England beat Switzerland but show the shortcomings of international friendlies
By Joe Harker
The opening stages of England's friendly against Switzerland would have had detractors of playing out from the back rubbing their hands with glee. Both teams made mistakes that could have lead to goals by passing out lazily, leading to an open and exciting game where the teams pressed each other and tried to force mistakes.
Unfortunately for everyone besides the goalkeepers, the match soon settled down into a more sedate pace typical of international friendlies. If the introduction of the Nations League was supposed to give formerly meaningless games purpose then this was one of those meaningless games where neither side is really up for it.
England manager Gareth Southgate took the opportunity to rest key players such as Harry Kane, making nine changes in total as only Marcus Rashford and Harry Maguire kept their starting spots from the Nations League defeat to Spain.
On the subject of the Nations League, England's group members Spain and Croatia faced each other in a 6-0 victory for the Spanish. Fun fact: Had Spain won their World Cup penalty shoot out against Russia they would have faced Croatia and then England on the way to the final.
The brightest spark for England was wing back Danny Rose, who had a point to prove for club and country. As has become common from Southgate's England side, wing backs provided much of the creativity and Rose impressed throughout the game. The Spurs defender was taken off near the end of the match to give Ben Chilwell of Leicester City his senior debut in front of a familiar crowd.
The only goal of the game came from a set piece as has become customary from England under Southgate. Rose's initial delivery from the corner was overhit but picked up by Kyle Walker, who put the ball back into the box and onto the waiting foot of Rashford, volleying home to put the Three Lions in the lead and restore some noise to the King Power Stadium.
Some of England's issues from the World Cup continued as the Three Lions struggled to create clear chances from open play. As the game settled down after the frenetic early stages there were occasions where an impatient crowd exhorted England players to stop working the ball around and shoot.
Although not the most scintillating of games, England's win against Switzerland was a good chance for Southgate to play his second string and see how they coped with his system. It was also an opportunity to see the Three Lions play outside Wembley, with the crowd inside the King Power Stadium providing an excellent atmosphere and cheering on Leicester regulars Chilwell and Harry Maguire. It will be a concern for the manager that Switzerland was the better side for much of the game.

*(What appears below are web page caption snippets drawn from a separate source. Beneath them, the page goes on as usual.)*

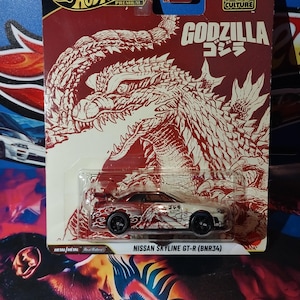 Hotwheels Gtr Godzilla - Etsy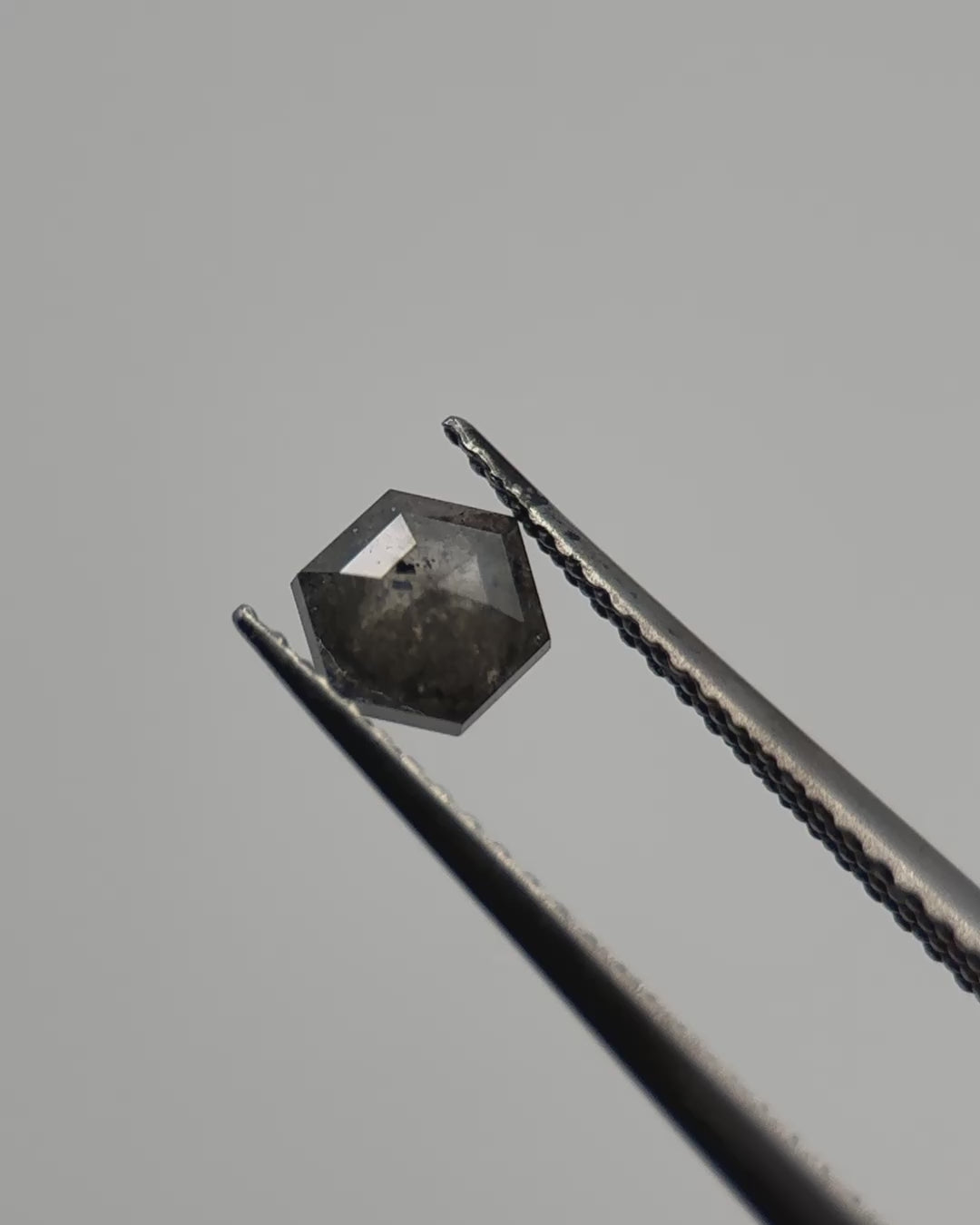 0.59ct Hexagon Shaped Loose Salt & Pepper Diamond Malleable Jewllers
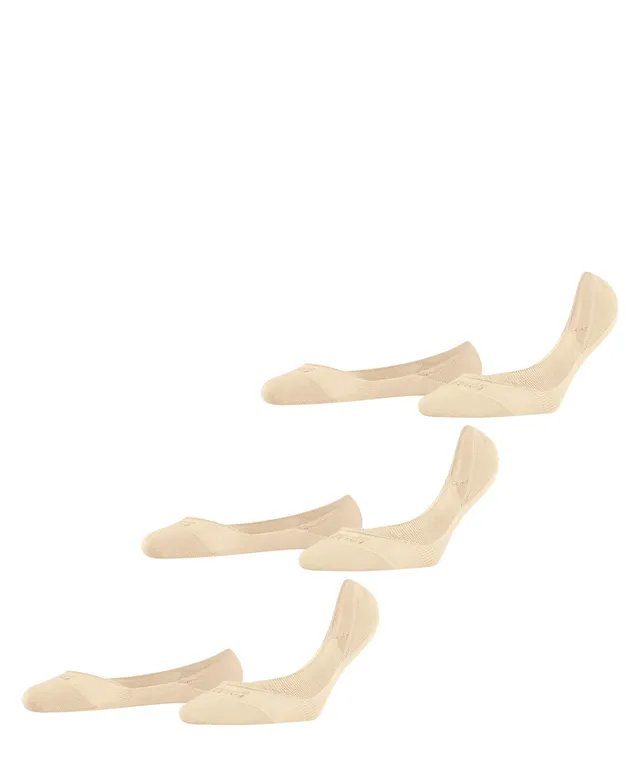 falke-step-invisible-f-linge-39-40-schwarz-3-paar-baumwolle image 1
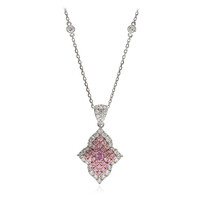 Gouden halsketting met een I1 Roze Diamant (CIRARI)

The most popular chant of the night was "Southgate You're The One" and the popular manager continues to have the backing of the fans. Even if he has lost the iconic waistcoat this continues to be an England team that has won over hearts and minds.
More importantly, the game was a chance to mark 25 years of stellar work by Kick It Out. The first 25 seconds of the TV broadcast were shown in black and white to remind viewers how far football has come.